The Long History of the Wonderful Il Palagio Estate
Il Palagio Estate is a gorgeous villa that sits just outside Panzano in Chianti, a town located directly between Florence and Siena in the Conca D’Oro (Golden Valley) of Tuscany.
The villa was originally built in the AD800's as a monastery and was subsequently used as a castle in the 1200s war between supporters of the Pope (Florence) and the Holy Roman Empire (Siena).
In 1776, Alberto Firidolfi bought the estate for his hunting lodge, named it Il Palagio and planted vines.
In 1920, Dino Bindi was born in the Il Palagio villa and, for many years, his family worked the estate under the mezzadria (sharecropping) system. When mezzadria was abolished in 1953, the Bindi family left Il Palagio and moved into Panzano town. But this was not the last that Il Palagio would see of la famiglia Bindi.
Dino Bindi's great friend, Dario Piccini, a Panzano born builder, returned to his hometown from Florence and bought the villa in 1965. While today the villa is considered by historians as one of the finest in Tuscany, in 1965 it was in bad repair.
Dario and his son Fabrizio were in the building restoration business, and were in demand to restore palaces in Siena and Florence. They had great knowledge of how to restore ancient villas and in 1992, Fabrizio set about returning Il Palagio to its former glory, creating a special place for visitors to their estate. In 1996, the first renovation was completed.
Il Palagio's first Chianti Classico was produced in 1968. But for many years after, only bulk wine was made. It wasn't until 2004 that a long awaited winery was added, and premium wine began to be made again by Fabrizio Piccini and his daughter Monia. After her father's untimely death Monia was joined in the winery by her husband Franco Guardacci - Dino Bindi's grandson. The circle of Il Palagio was complete. Monia and Franco are now owners of the estate and winery.

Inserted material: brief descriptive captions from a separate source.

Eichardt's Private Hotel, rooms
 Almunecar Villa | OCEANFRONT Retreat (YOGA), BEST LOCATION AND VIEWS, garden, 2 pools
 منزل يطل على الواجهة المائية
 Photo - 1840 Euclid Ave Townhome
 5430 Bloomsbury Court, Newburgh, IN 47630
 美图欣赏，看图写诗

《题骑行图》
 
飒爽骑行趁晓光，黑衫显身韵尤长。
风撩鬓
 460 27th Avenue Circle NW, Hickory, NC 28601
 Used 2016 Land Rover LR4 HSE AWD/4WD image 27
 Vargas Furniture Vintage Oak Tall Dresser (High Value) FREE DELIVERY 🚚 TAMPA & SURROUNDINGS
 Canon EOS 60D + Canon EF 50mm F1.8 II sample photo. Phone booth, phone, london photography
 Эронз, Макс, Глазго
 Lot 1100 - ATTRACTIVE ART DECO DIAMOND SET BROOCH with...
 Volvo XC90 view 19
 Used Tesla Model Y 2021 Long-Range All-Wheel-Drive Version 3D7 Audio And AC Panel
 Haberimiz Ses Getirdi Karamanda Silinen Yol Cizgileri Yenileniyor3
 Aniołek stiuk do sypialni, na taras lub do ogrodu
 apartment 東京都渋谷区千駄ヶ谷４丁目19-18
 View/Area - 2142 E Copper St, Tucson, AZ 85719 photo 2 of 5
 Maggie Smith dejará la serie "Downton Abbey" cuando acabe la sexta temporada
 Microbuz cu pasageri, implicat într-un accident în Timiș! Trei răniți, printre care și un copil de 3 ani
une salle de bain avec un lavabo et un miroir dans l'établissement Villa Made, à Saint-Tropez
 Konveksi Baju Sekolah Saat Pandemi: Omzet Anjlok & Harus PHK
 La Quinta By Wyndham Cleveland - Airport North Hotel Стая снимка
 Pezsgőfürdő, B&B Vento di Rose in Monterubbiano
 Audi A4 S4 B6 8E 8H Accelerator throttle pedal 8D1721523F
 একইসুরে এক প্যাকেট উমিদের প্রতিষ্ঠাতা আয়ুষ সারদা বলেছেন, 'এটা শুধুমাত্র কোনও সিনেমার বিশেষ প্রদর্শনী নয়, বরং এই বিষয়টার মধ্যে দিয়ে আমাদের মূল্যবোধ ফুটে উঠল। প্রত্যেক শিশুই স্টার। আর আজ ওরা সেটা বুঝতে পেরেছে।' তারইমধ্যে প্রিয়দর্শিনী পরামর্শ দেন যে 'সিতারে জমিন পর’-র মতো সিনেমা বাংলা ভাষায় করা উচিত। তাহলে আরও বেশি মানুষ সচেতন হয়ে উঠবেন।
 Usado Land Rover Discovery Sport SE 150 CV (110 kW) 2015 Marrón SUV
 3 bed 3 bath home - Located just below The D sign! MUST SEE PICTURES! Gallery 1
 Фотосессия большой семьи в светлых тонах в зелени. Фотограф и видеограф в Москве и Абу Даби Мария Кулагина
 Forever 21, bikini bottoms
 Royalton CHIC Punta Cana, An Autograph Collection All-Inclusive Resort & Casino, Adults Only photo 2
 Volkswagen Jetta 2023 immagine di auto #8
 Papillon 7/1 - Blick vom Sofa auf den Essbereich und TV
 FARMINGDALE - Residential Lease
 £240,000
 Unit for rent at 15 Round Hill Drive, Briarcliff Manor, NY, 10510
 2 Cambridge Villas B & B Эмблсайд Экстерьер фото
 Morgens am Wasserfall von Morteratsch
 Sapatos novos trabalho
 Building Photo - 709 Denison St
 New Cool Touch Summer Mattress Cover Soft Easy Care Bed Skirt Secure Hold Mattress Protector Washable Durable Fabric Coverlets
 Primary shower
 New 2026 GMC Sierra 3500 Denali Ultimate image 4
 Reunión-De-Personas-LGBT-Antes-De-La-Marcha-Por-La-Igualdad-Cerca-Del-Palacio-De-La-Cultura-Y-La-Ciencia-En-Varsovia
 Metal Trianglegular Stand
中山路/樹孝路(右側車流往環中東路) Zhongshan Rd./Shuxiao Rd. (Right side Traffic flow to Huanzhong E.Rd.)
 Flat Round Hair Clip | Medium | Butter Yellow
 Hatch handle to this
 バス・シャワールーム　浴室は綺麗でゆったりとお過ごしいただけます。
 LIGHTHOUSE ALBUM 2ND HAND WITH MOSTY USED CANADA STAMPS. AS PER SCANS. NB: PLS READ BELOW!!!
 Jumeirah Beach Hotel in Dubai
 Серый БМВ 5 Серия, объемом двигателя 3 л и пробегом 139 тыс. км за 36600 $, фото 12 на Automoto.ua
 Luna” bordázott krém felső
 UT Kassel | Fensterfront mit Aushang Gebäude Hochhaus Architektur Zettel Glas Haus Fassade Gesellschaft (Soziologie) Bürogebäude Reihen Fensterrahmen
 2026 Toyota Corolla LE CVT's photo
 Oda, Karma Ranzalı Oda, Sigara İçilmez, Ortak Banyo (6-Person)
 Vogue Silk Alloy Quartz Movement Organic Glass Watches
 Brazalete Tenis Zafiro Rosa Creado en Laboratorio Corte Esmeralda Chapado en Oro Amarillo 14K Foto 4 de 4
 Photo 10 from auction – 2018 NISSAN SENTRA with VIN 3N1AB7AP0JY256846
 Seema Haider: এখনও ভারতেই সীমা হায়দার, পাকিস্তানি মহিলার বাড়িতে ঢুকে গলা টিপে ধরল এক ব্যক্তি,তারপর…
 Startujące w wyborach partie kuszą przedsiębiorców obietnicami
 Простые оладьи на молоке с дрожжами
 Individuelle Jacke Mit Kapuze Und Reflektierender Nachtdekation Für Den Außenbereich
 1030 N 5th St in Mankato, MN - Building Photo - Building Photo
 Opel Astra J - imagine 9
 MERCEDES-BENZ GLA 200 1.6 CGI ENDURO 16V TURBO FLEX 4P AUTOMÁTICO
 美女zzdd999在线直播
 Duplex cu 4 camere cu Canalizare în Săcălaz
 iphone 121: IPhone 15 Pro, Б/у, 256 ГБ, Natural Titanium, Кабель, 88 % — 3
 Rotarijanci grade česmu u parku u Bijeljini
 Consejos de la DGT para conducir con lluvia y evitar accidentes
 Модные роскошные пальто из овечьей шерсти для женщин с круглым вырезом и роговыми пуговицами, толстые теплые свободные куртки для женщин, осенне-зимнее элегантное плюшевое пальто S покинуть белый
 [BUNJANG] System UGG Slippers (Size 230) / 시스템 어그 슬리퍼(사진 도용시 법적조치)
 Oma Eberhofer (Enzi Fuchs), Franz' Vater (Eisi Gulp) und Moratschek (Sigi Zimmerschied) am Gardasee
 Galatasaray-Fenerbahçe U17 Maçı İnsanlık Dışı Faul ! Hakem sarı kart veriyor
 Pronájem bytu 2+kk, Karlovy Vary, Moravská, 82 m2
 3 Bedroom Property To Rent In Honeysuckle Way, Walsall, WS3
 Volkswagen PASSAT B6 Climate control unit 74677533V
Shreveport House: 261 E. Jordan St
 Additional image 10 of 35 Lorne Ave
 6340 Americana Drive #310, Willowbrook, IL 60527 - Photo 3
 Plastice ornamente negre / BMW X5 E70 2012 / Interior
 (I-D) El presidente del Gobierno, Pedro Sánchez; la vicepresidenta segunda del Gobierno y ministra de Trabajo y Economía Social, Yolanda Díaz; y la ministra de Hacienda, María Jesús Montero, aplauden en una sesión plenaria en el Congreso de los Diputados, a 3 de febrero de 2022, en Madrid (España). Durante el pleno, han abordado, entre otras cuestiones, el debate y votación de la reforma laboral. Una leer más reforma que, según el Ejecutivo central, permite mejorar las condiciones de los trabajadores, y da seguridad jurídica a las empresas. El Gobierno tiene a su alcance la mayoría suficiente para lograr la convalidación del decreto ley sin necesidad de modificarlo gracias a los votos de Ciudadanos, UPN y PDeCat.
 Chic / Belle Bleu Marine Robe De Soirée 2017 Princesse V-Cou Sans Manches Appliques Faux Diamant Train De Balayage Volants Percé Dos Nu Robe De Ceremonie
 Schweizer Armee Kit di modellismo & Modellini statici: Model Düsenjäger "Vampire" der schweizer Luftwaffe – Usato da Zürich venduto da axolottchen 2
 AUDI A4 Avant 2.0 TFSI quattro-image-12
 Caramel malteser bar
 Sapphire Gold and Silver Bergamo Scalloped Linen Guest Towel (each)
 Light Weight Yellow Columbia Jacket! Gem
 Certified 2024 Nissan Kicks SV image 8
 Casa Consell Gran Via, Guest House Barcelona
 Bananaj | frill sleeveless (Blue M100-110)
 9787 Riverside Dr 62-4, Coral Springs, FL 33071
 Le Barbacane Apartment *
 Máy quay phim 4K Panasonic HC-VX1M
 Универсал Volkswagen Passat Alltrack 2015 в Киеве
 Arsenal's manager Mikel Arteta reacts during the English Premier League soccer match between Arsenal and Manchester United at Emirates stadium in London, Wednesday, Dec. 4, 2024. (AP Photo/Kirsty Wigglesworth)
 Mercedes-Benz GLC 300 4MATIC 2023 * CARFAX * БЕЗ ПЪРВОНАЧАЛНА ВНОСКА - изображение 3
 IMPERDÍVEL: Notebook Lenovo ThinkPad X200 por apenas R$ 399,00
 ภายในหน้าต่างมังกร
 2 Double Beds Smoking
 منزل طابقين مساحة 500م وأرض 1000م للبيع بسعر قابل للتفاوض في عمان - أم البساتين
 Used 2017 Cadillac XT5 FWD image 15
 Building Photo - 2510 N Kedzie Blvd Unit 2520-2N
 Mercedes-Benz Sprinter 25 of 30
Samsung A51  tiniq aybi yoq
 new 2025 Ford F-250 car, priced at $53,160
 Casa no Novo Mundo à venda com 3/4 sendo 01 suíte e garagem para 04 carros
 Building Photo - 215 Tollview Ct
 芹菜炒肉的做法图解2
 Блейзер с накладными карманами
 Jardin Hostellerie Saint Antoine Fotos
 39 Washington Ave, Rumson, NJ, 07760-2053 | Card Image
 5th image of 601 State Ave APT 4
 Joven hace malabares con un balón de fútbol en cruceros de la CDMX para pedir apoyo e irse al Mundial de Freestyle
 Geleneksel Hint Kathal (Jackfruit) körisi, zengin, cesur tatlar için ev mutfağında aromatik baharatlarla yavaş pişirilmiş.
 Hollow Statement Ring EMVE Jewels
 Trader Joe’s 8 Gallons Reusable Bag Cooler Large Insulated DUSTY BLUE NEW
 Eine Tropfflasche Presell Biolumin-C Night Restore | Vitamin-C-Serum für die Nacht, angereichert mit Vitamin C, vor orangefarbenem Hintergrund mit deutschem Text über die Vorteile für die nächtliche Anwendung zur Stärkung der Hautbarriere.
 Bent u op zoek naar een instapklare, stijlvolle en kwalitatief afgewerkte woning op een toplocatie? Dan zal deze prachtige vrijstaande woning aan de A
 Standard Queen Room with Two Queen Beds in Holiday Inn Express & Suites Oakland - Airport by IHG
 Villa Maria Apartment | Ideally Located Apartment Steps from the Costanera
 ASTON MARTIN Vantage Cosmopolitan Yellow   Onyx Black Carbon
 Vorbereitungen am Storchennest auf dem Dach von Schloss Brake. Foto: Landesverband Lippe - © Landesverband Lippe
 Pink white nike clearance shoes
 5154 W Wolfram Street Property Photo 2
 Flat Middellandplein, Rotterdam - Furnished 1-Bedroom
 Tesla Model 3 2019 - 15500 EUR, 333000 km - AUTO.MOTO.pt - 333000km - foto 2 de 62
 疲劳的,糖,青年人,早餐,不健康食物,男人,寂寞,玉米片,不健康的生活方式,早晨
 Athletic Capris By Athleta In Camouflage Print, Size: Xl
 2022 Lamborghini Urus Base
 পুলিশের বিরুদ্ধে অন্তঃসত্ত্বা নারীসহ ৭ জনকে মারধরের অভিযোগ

Franco left his furniture restoration business to join his wife in the Il Palagio winery. They had immediate success when, both barely in their thirties, their 2007 Chianti Classico was awarded the prestigious tre bicchieri (3 glasses) in the Gambero Rosso Wine Guide.
Monia Piccini and Franco Guarducci are people from the top shelf. Monia, enterprising and energetic, master of three languages, and Franco, considered, gentle and quietly determined.
After the Vinitaly convention this year I travelled to Florence and caught the bus from the hidden bus station (I am sure that they don’t want you to find it) and enjoyed the F1 driving performance the bus driver gave us on the windy, one hour trip to Panzano.
I met Monia and Franco for dinner at one of their favourite restaurants in a small hamlet nearby, and I sat by with a ringside seat as they argued about what would be the correct wine to order. We had no wine with entrée, and it wasn't until main had arrived that a bottle was finally settled upon that satisfied both.
They are passionate about everything wine. If you observe them during a tasting of their own wines they are always sniffing: the cork as it comes out of the bottle, the wine before they serve, the empty glass that they have just drunk from. Franco will even cut the cork in half and smell both halves to see if the inner cork meets his standards. Their curiosity knows no bounds.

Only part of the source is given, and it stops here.